Unfortunately SQL Window functions (like RANK()) cannot be used in a WHERE clause so we need another sub-query or CTE.

This works:

;WITH rankings AS
(
	SELECT [Name], Dept, TotSalary, RANK() OVER (PARTITION BY Dept ORDER BY TotSalary DESC) as r
	FROM (	SELECT [Name], Dept, SUM(Salary) AS TotSalary 
			FROM Employee GROUP BY Dept, [Name]) q 
)
SELECT [Name], Dept, TotSalary FROM rankings where r = 1

This version first sums the salary by department and name (in case people with the same name are in different departments - there's a hint regarding the table schema by the way).
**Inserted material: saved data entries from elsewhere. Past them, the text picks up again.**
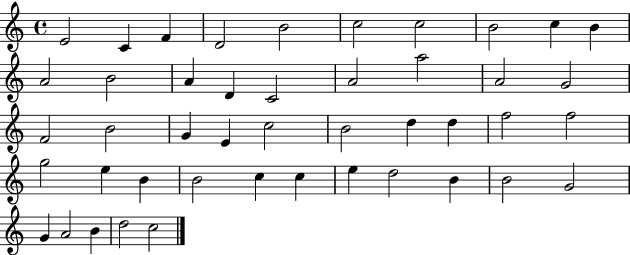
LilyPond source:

{
  \clef treble
  \time 4/4
  \defaultTimeSignature
  \key c \major
  e'2 c'4 f'4 | d'2 b'2 | c''2 c''2 | b'2 c''4 b'4 | \break a'2 b'2 | a'4 d'4 c'2 | a'2 a''2 | a'2 g'2 | \break f'2 b'2 | g'4 e'4 c''2 | b'2 d''4 d''4 | f''2 f''2 | \break g''2 e''4 b'4 | b'2 c''4 c''4 | e''4 d''2 b'4 | b'2 g'2 | \break g'4 a'2 b'4 | d''2 c''2 | \bar "|."
}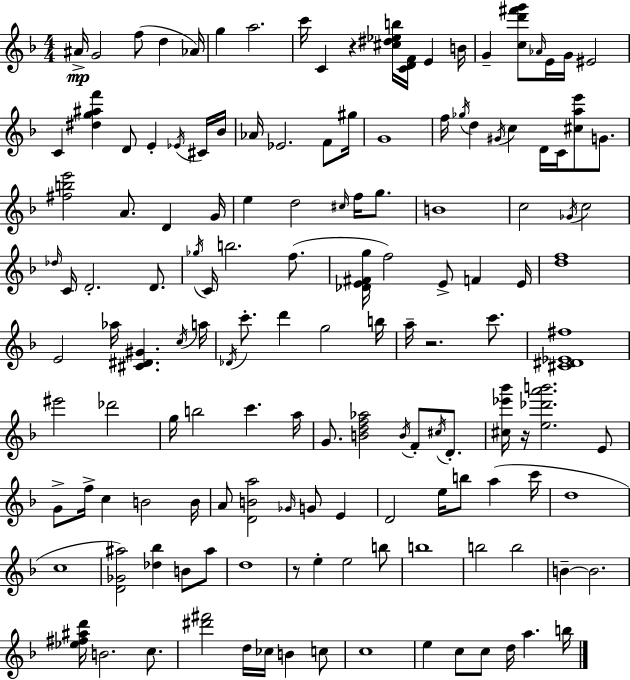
{
  \clef treble
  \numericTimeSignature
  \time 4/4
  \key d \minor
  ais'16->\mp g'2 f''8( d''4 aes'16) | g''4 a''2. | c'''16 c'4 r4 <cis'' dis'' ees'' b''>16 <c' d' f'>16 e'4 b'16 | g'4-- <c'' d''' fis''' g'''>8 \grace { aes'16 } e'16 g'16 eis'2 | \break c'4 <dis'' g'' ais'' f'''>4 d'8 e'4-. \acciaccatura { ees'16 } | cis'16 bes'16 aes'16 ees'2. f'8 | gis''16 g'1 | f''16 \acciaccatura { ges''16 } d''4 \acciaccatura { gis'16 } c''4 d'16 c'16 <cis'' a'' e'''>8 | \break g'8. <fis'' b'' e'''>2 a'8. d'4 | g'16 e''4 d''2 | \grace { cis''16 } f''16 g''8. b'1 | c''2 \acciaccatura { ges'16 } c''2 | \break \grace { des''16 } c'16 d'2.-. | d'8. \acciaccatura { ges''16 } c'16 b''2. | f''8.( <des' e' fis' g''>16 f''2) | e'8-> f'4 e'16 <d'' f''>1 | \break e'2 | aes''16 <cis' dis' gis'>4. \acciaccatura { c''16 } a''16 \acciaccatura { des'16 } c'''8.-. d'''4 | g''2 b''16 a''16-- r2. | c'''8. <cis' dis' ees' fis''>1 | \break eis'''2 | des'''2 g''16 b''2 | c'''4. a''16 g'8. <b' d'' f'' aes''>2 | \acciaccatura { b'16 } f'8-. \acciaccatura { cis''16 } d'8.-. <cis'' ees''' bes'''>16 r16 <e'' des''' a''' b'''>2. | \break e'8 g'8-> f''16-> c''4 | b'2 b'16 a'8 <d' b' a''>2 | \grace { ges'16 } g'8 e'4 d'2 | e''16 b''8 a''4( c'''16 d''1 | \break c''1 | <d' ges' ais''>2) | <des'' bes''>4 b'8 ais''8 d''1 | r8 e''4-. | \break e''2 b''8 b''1 | b''2 | b''2 b'4--~~ | b'2. <ees'' fis'' ais'' d'''>16 b'2. | \break c''8. <dis''' fis'''>2 | d''16 ces''16 b'4 c''8 c''1 | e''4 | c''8 c''8 d''16 a''4. b''16 \bar "|."
}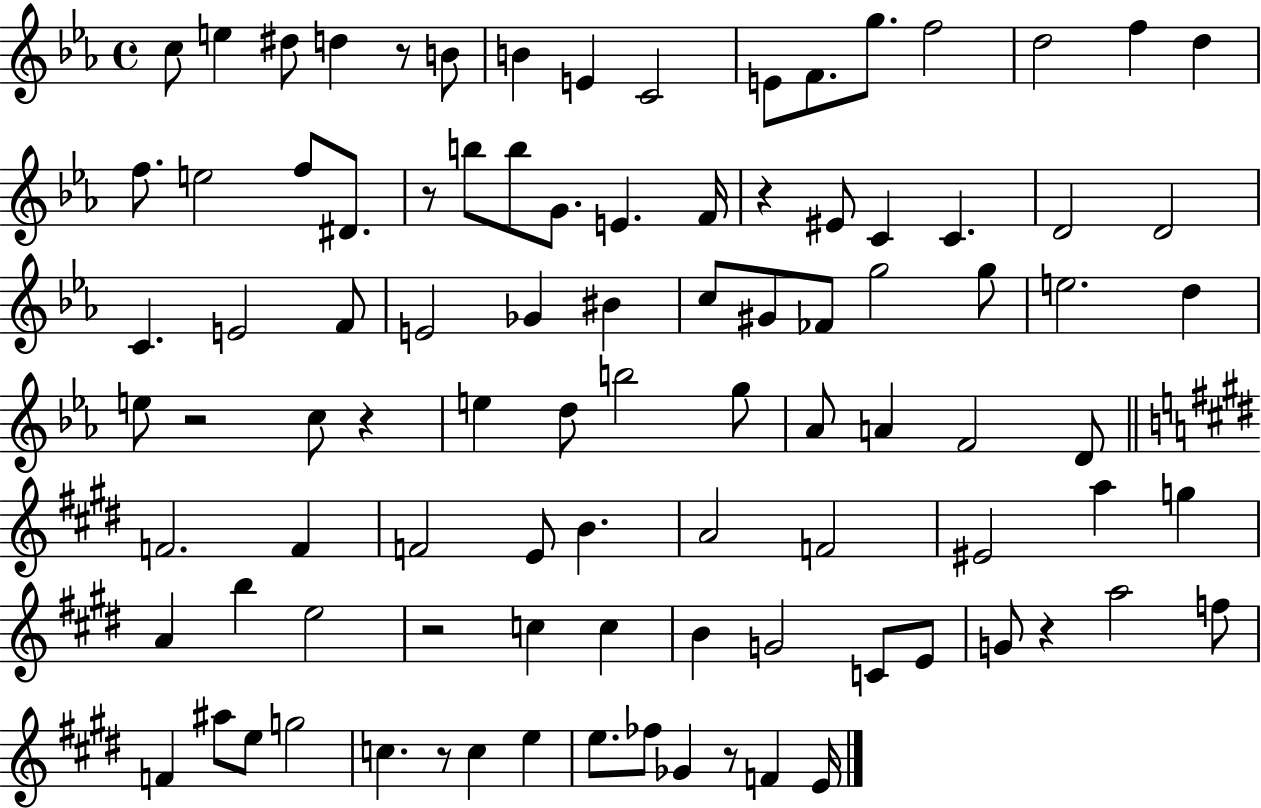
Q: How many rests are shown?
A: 9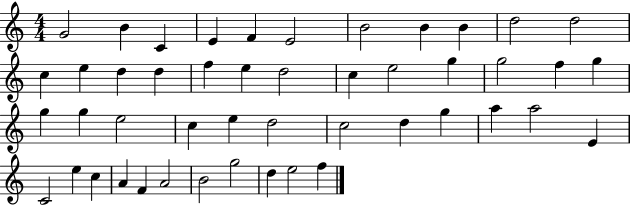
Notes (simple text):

G4/h B4/q C4/q E4/q F4/q E4/h B4/h B4/q B4/q D5/h D5/h C5/q E5/q D5/q D5/q F5/q E5/q D5/h C5/q E5/h G5/q G5/h F5/q G5/q G5/q G5/q E5/h C5/q E5/q D5/h C5/h D5/q G5/q A5/q A5/h E4/q C4/h E5/q C5/q A4/q F4/q A4/h B4/h G5/h D5/q E5/h F5/q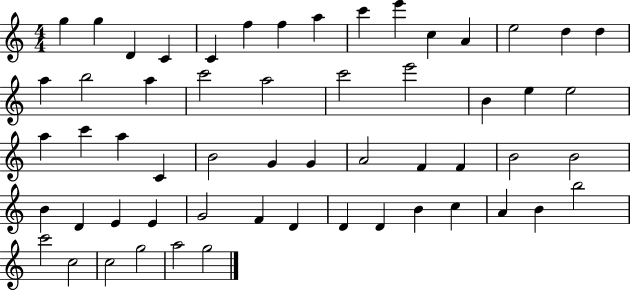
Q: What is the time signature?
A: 4/4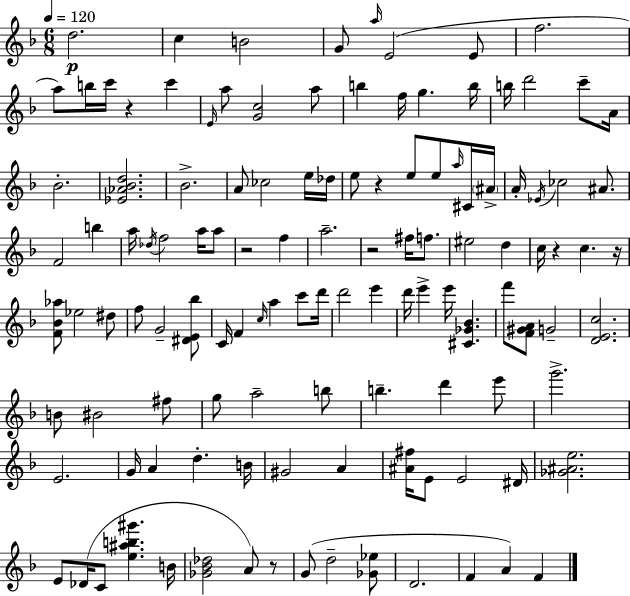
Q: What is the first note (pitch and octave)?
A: D5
It then RANKs the salaries because, as @Maciej-Los stated, more than one employee could earn the same amount (although @OriginalGriff's solution has a similar effect due to the WHERE clause).

Finally all of that goes into the CTE (it could have been a sub-query) so that we can pick out only the top ranking total salary.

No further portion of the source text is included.